**WORK ORDER**
Using the data that follows, return exactly the lines from the one that contains "Seeding methods vary" through the one that contains "Please repeat the", ends included.

**RECORDED INFORMATION**

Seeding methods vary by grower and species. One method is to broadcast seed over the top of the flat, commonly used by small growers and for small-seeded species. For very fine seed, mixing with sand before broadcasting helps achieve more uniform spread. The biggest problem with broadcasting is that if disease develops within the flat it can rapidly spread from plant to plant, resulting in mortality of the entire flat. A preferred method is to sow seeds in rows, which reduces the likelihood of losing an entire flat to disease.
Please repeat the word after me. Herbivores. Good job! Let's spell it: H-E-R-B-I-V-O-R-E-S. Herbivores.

...

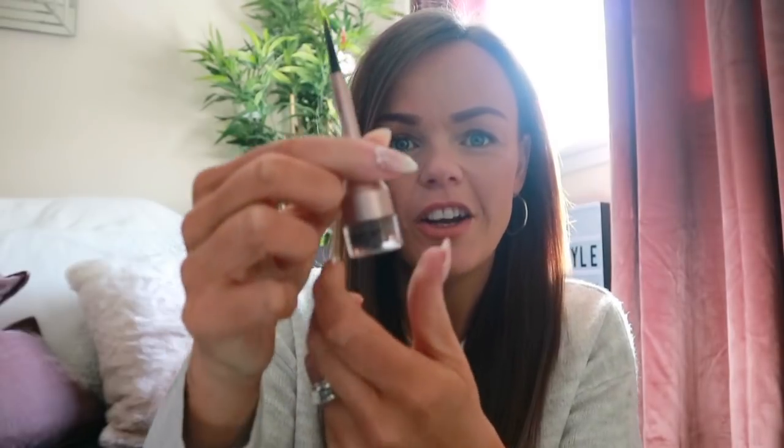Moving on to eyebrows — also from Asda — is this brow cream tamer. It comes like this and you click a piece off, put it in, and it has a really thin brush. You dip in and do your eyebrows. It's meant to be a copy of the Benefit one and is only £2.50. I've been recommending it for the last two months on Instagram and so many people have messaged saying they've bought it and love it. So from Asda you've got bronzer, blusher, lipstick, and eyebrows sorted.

...

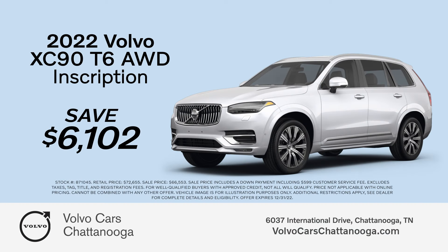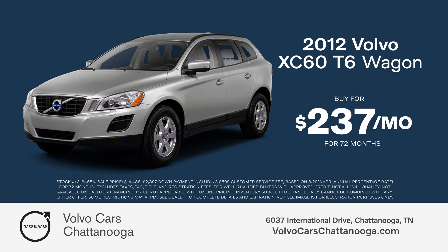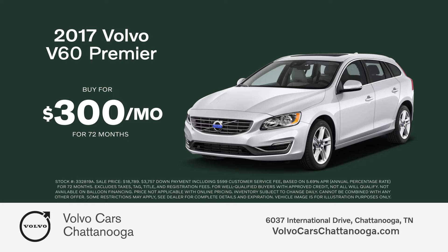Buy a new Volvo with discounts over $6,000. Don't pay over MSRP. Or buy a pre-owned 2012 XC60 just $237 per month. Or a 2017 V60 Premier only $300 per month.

**TASK OUTPUT**
Seeding methods vary by grower and species. One method is to broadcast seed over the top of the flat, commonly used by small growers and for small-seeded species. For very fine seed, mixing with sand before broadcasting helps achieve more uniform spread. The biggest problem with broadcasting is that if disease develops within the flat it can rapidly spread from plant to plant, resulting in mortality of the entire flat. A preferred method is to sow seeds in rows, which reduces the likelihood of losing an entire flat to disease.
Please repeat the word after me. Herbivores. Good job! Let's spell it: H-E-R-B-I-V-O-R-E-S. Herbivores.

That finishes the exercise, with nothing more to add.